Профессор А.Ослунд (Фонд Карнеги за международный мир), ставший одним из соавторов и защитников программы радикальных реформ, придерживается точки зрения, что, учитывая демократизацию государства, ликвидацию государственной собственности и бюрократической координации, распределение ресурсов на основе рыночных принципов, монетизацию экономики и ужесточение бюджетных ограничений, российская экономика уже стала рыночной. Однако в этом вопросе мнения экономистов коренным образом расходятся. Те аргументы и критерии, которые используются одними экономистами для доказательства успешности реформы, другими рассматриваются либо как по меньшей мере спорные, либо как не являющиеся доказательством существования рыночной экономики. Большинство придерживается точки зрения о явной прежде- временности подобного вывода, доказывая это с помощью различных аргументов, прежде всего анализа сущности рыночной экономики. Сам А.Ослунд, возвращаясь в работе, опубликованной в 1999 г., к этому вопросу, вынужден признать, что основными пунктами повестки дня были дерегулирование, стабилизация и приватизация, но окончательные выводы относительно этого содержания реформ сделать невозможно, поскольку слишком мало было фактически проведено в жизнь. По мнению Р.Эриксона, А.Ослунд показал лишь то, что командная экономика действительно разрушена, но это вовсе не означает, что структура и функционирование российской экономики соответствуют рыночной системе.
“Шоковая терапия” открыла путь иным способам регулирования макроэкономических процессов, отличным от бюрократической координации, но вовсе не обязательно рыночным. Разрыв с прошлым еще не означает, что распределение ресурсов осуществляется по рыночным законам и ценам, стабилизация денежной системы не ликвидировала краткосрочных спекуляций и утечку капиталов и не стимулировала инвестиции, рынки капиталов не сложились и не способны привлекать инвесторов, дисциплинировать менеджеров, финансировать домашние хозяйства и обеспечивать формирование новых предприятий и т.д.

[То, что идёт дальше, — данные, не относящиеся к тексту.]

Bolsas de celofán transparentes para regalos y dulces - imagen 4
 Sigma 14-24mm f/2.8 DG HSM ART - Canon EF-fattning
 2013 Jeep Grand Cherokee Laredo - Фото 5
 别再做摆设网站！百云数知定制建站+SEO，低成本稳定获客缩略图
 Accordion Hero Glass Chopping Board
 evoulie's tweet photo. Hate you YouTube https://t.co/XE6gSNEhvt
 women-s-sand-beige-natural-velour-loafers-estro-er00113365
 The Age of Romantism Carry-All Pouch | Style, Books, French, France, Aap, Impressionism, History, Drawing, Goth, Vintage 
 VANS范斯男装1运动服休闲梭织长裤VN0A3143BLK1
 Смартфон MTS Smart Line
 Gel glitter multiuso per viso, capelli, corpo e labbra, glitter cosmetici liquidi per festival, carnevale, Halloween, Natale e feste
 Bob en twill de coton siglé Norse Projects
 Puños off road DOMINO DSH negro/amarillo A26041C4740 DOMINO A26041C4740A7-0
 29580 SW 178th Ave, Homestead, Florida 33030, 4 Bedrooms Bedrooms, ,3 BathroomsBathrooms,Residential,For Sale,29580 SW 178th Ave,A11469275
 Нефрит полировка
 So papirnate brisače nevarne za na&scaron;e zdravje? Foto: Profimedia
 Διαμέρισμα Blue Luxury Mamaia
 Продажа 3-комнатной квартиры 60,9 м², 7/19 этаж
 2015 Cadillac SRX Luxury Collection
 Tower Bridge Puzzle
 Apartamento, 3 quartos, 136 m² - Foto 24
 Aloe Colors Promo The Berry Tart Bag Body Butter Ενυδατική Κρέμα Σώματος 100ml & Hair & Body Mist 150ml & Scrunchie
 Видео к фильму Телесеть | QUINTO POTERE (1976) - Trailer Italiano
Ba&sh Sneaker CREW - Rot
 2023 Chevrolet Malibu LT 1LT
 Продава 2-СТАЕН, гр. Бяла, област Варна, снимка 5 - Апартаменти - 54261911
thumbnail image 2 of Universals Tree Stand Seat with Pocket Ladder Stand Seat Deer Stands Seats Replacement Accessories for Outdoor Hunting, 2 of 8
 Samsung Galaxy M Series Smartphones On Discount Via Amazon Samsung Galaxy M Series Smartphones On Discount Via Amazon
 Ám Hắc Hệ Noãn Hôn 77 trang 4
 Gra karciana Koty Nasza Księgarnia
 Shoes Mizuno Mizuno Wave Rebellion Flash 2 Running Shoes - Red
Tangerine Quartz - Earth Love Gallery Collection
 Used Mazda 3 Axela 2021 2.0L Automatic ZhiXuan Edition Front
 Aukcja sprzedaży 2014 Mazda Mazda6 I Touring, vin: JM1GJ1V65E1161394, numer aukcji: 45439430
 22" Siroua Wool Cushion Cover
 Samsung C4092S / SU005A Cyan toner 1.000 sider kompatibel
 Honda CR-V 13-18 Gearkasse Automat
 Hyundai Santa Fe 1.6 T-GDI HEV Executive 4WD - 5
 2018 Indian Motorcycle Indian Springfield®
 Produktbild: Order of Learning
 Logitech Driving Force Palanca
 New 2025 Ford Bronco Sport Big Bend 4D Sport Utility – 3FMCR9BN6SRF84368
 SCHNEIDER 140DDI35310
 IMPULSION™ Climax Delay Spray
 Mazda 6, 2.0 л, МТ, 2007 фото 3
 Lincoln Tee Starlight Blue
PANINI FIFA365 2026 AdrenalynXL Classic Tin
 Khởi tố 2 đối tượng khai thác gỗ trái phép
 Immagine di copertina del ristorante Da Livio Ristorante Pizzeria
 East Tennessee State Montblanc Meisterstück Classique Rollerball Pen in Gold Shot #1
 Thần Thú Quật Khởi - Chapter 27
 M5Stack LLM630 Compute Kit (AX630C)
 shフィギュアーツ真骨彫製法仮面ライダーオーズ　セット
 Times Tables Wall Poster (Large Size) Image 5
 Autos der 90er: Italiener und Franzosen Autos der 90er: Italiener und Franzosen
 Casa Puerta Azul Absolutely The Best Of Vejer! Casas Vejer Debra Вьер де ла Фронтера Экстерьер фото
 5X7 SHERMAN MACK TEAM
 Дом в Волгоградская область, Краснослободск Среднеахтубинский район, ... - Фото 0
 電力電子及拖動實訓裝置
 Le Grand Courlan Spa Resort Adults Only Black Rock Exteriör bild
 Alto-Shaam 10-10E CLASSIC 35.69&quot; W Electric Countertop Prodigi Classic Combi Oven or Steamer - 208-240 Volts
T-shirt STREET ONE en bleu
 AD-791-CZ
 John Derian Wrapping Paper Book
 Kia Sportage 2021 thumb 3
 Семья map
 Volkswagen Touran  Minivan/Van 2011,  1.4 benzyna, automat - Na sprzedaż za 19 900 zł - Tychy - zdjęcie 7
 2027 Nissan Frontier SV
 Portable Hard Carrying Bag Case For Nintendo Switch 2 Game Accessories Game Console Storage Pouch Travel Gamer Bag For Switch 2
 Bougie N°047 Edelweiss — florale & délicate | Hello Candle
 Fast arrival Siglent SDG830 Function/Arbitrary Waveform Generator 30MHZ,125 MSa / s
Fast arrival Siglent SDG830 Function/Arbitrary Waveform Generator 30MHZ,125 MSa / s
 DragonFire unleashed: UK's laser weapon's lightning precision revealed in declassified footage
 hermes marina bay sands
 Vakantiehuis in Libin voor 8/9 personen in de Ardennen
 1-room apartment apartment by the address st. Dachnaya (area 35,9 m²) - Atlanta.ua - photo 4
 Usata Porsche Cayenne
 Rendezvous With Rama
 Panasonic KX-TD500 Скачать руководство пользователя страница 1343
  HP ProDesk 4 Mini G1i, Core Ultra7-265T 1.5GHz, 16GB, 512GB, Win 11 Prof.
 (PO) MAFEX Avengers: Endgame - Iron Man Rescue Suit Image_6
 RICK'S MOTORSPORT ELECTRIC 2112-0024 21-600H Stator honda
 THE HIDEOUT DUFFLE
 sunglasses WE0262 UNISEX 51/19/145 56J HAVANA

Главный аргумент в пользу таких оценок – отсутствие конкуренции. “Ни либерализация экономики, ни стабилизация, ни приватизация... не смогли привести Россию к рыночной экономике”, – отмечает профессор Университета Пьера Мендес-Франса (Гренобль, Франция) И.Самсон. Он доказывает это, проводя различие между монетарной экономикой и рыночной экономикой, сводя, однако, это различие в конечном счете опять-таки к конкуренции. “Если “капитализм” характеризуется господством рентных отношений, отсутствием конкуренции и взаимовлиянием власти и экономики, что тогда остается от рыночной экономики?”, – спрашивает И.Самсон.[1]